If you look at the system, basically what you have is working families making the conscious decision every month to try to save some money for retirement. Then along comes people managing those funds for them and they start dipping into those funds for fees that are really not in the best interest of those savers. So, you have elite financial managers getting rich off the back of middle-class working people. The last thing they really want is transparency.

"The 401(k) system today in the United States has been an acknowledged failure."
- Alicia Munnell, director of the Center for Retirement Research at Boston College's Carroll School of Management.

All these fees are a mystery to an overwhelming majority of Americans.
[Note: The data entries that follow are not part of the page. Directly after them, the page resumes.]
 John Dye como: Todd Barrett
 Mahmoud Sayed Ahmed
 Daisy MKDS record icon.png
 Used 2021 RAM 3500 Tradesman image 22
According to a poll sponsored by AARP, 83% of workers don't know how much they pay in such fees -- and most do not realize they pay any fees at all.
To assess the toll of such fees, consider the case of a 30-year-old worker with $25,000 in a 401(k) plan. If that account earns 7% and incurs fees of 0.5% a year, without another contribution, the total payout to that worker at age 65 would be $227,000. However, if that same account incurs fees of 1.5% a year, the extra 1% would shave off $64,000, or 28%, of the payout, which would be reduced to $163,000.
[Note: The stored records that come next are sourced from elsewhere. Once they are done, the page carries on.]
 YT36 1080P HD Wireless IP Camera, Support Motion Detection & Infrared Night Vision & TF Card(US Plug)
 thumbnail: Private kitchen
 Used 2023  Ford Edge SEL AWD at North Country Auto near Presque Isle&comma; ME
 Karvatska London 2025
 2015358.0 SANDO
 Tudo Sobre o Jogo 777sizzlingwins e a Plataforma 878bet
Of course fees of only 1.5% is an optimistic scenario. Of the nearly $3 Trillion in 401k funds in 2007, there were $89 Billion in fees. That comes out to about 3%, not 1.5%.

Here's a list of the most common fees:
a) Management fees
b) Administrative fees
c) Distribution fees (the top three usually averaging about 1% a year)
d) Sales loads (often averaging 1.4% a year)
e) Trading costs (averaging .5-1% in an actively managed fund)
f) Excess capital gains taxes when a portfolio is turned over

The U.S. Department of Labor lists seventeen distinct 401(k) fees, including ones for record keeping, legal services and toll-free telephone numbers. Many of them are not listed in the fine print.

John Bogle, founder of the Vanguard Group Inc., one of the largest mutual fund companies, said investors pay $600 billion a year in fees, an amount he called "staggering and unnecessary".

"The 401(k) system has to be fixed, and I don't know anybody who can fix it but the federal government."
- John Bogle

One of Miller's top proposals is to force providers to offer a low-fee index fund. The financial industry opposes this idea.

Even if Miller manages to push his reforms through - which is highly questionable at this point - the major problems of the 401(k) system will remain unaddressed.

The problems with 401(k)s

With any investment there is risk. The problem is that so few 401(k) investors understand the risks they are taking on.

For instance, 401(k) money is tax-deferred, not tax-free. Therefore, by putting money into a 401(k) and getting the tax break now, you are making a bet that taxes will not be significantly higher a couple decades from now when you retire.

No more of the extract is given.